Dev/ Production Setup with Docker (Recommended)

Docker makes it easy to set up Phantom DC for development, production, and testing.

Here's an example which will get you a quick development instance:

$  cp docker-compose.yml.example docker-compose.yml
$  cp .env.example .env
$  sudo docker-compose up --build

Take a look at config/phantom-dc_config.rb.example to get an idea of what configuration options you can pass on to the phantom-dc docker instance using environment variables in .env. In most instances, you'll want to change the AWS config options.

If you're actively developing, you'll probably also want to share your host directories path with the container by adding volumes to the app service in docker-compose.yml:

  app:
    ...
    volumes:
      - ./cwc:/opt/phantomdc/cwc
      - ./app:/opt/phantomdc/app
      - ./public:/opt/phantomdc/public
      - ./spec:/opt/phantomdc/spec
      - ./tasks:/opt/phantomdc/tasks
      - ./db/migrate:/opt/phantomdc/db/migrate
      - ./docker/app/entrypoint.sh:/opt/phantomdc/entrypoint.sh

To run the test suite using docker, run:

$    sudo docker-compose -f docker-compose.test.yml run test_app rspec spec

You may also want to run a cron daemon for your production setup which pulls the latest YAML files from contact-congress or your other data sources every so often.
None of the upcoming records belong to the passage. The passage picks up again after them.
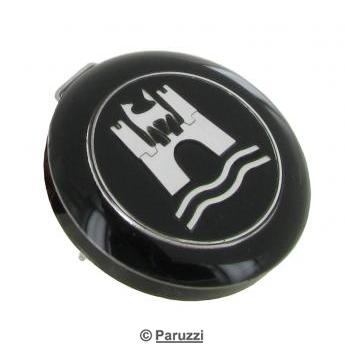 Horn button with a silver-colored emblem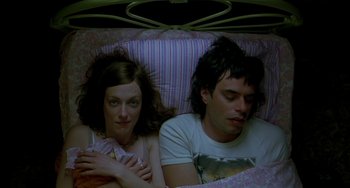 Movie still from “Eagle vs Shark” (2007), directed by Taika Waititi – A man and a woman laying in a bed together; Medium shot, Overhead angle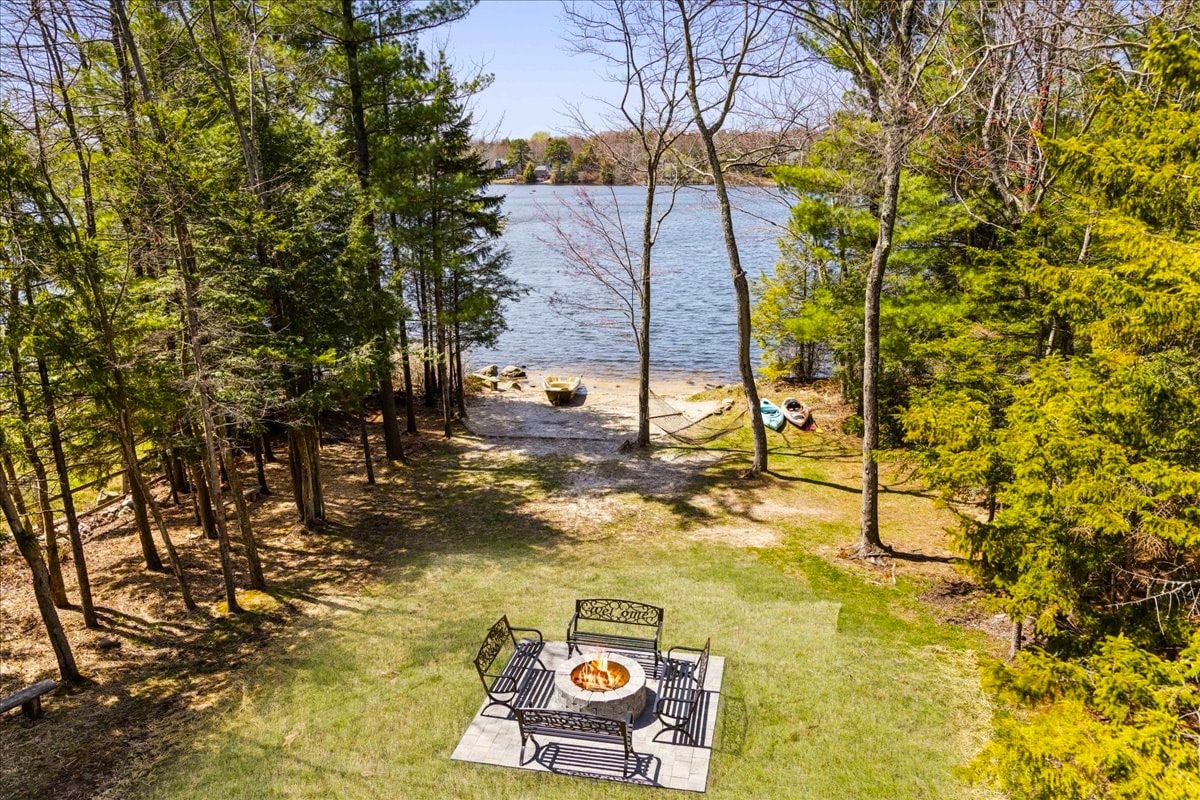 An inviting outdoor space features a fire pit surrounded by patio seating, set on a grassy area. Tall trees border the area, providing natural shade. The lake is visible in the background, with a sandy shoreline and kayaks nearby, suggesting opportunities for relaxation and recreation.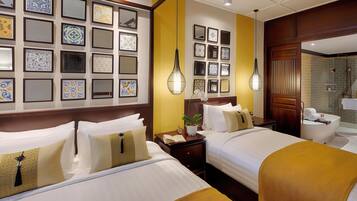 Une chambre d’hôtel avec deux lits, une table de chevet avec une horloge et une plante, et une salle de bain avec une douche et un lavabo.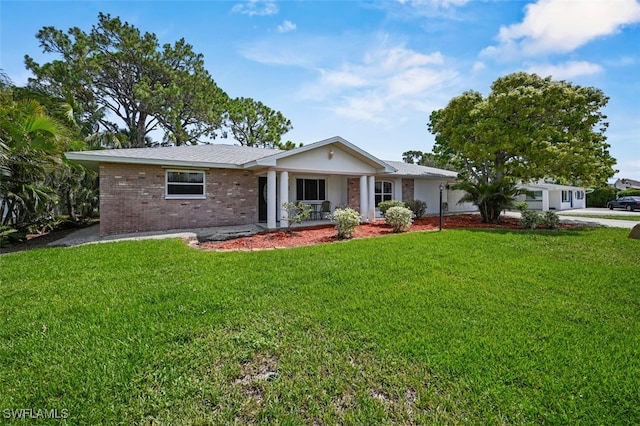 165 4th St, Bonita Springs, FL 34134 - single story home featuring a porch, brick siding, and a front lawn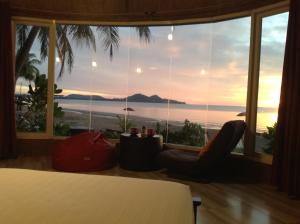 a bedroom with a bed and a view of the ocean at Ban Tawansongfa in Lang Suan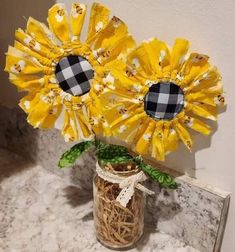 two yellow sunflowers in a mason jar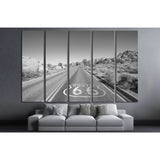Joshua Tree highway with Route 66 pavement sign in black and white №2107 Ready to Hang Canvas Print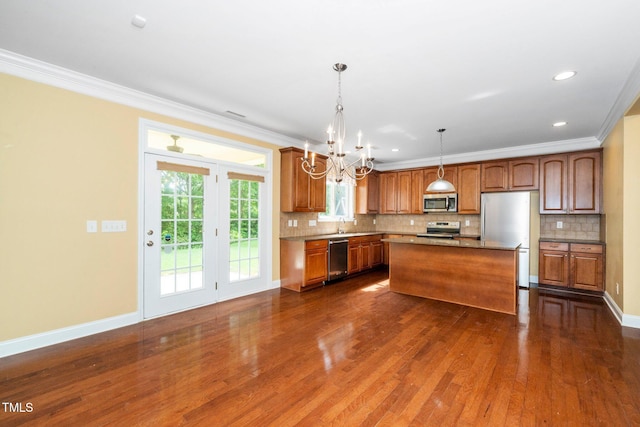 532 Front Ridge Dr, Cary, NC 27519 - kitchen featuring stainless steel appliances, dark wood-style floors, a chandelier, crown molding, and tasteful backsplash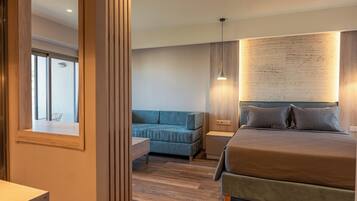 A modern bedroom with a large bed, a blue sofa, and a wooden accent wall.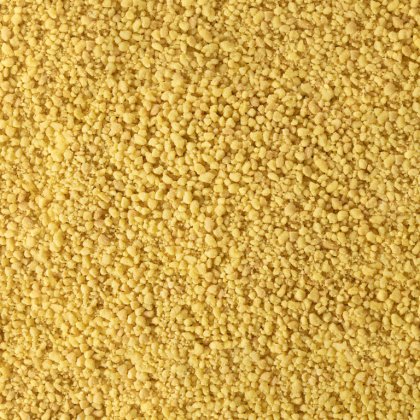 Plano aproximado de textura granulada fina e amarela, semelhante a farinha de milho grossa ou grãos de cuscuz seco, c...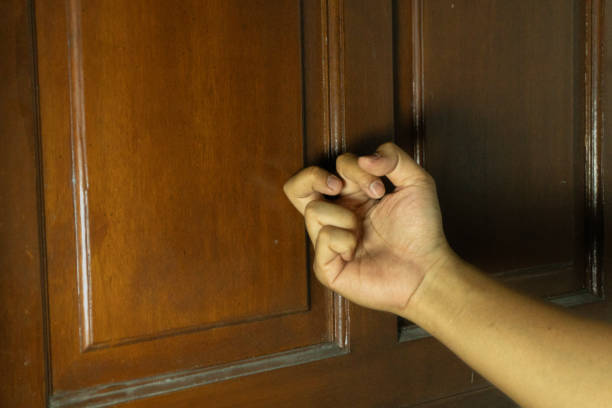 istock asian man's hand is knocking on the door 2180634805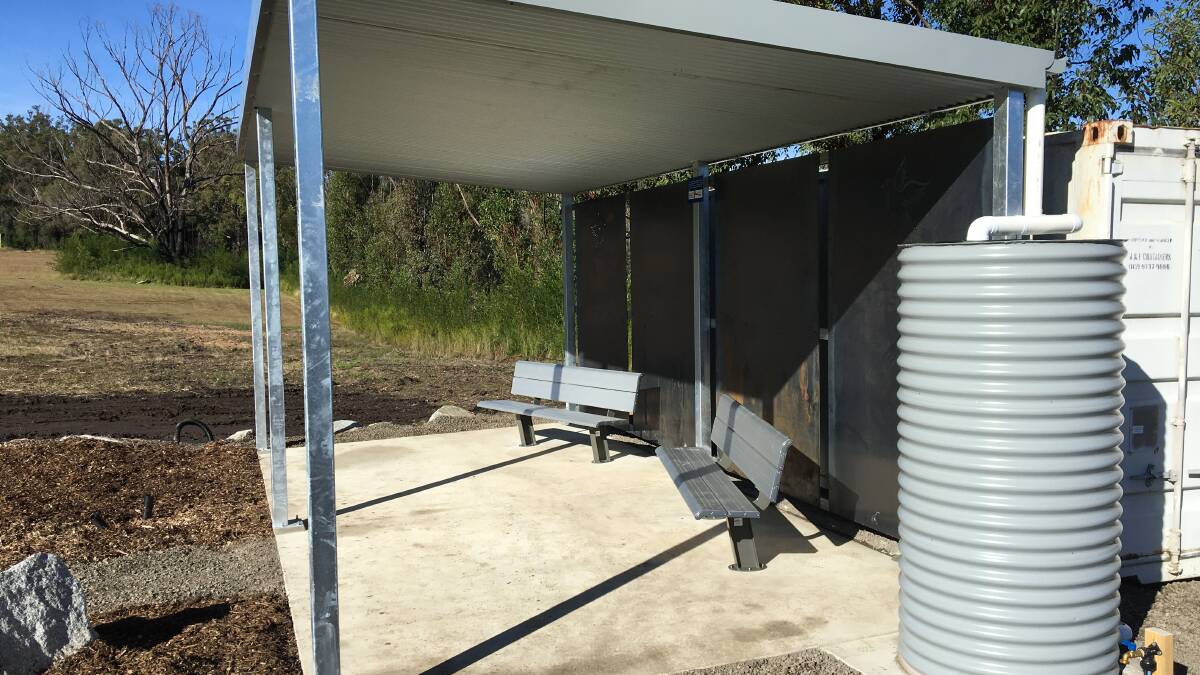 The completed pavilion showing the water tank and the shipping container that will be used for storing the groundskeeping equipment. Photo: Bega Valley Shire Council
Only run this after giving time (~5min should do it) for the phantom-dc container to initially populate its members of congress upon the first run:

$  docker run -it --rm --name=phantom-dc-cron \
      -v /var/run/docker.sock:/var/run/docker.sock \
      -v $(pwd)/docker/cron/crontab:/etc/crontabs/root \
      docker crond -f

Development Environment Installation and Setup with Vagrant

Requirements

Using Debian or Ubuntu? Here's a one liner to save you time.

$  apt-get install vagrant virtualbox

Installation

On Host
$  # First, using github.com, fork this repo so you can clone directly \
   # from your own repo \
   git clone git@github.com:<YOUR_ACCOUNT>/phantom-of-the-capitol.git &&
   cd phantom-of-the-capitol &&
   vagrant up

$  # Edit config (at minimum change DEBUG_KEY and AWS credentials) \
   cp config/phantom-dc_config.rb.example config/phantom-dc_config.rb &&
   vi config/phantom-dc_config.rb
Within Vagrant VM
$  vagrant ssh

$  cd /vagrant;
   bundle exec rake ar:create;
   bundle exec rake ar:schema:load;
   rackup --host 0.0.0.0

Production Environment Installation and Setup

Requirements

On a Debian based system (we're testing against Ubuntu) download and install the latest phantomjs and then run the below apt-get command.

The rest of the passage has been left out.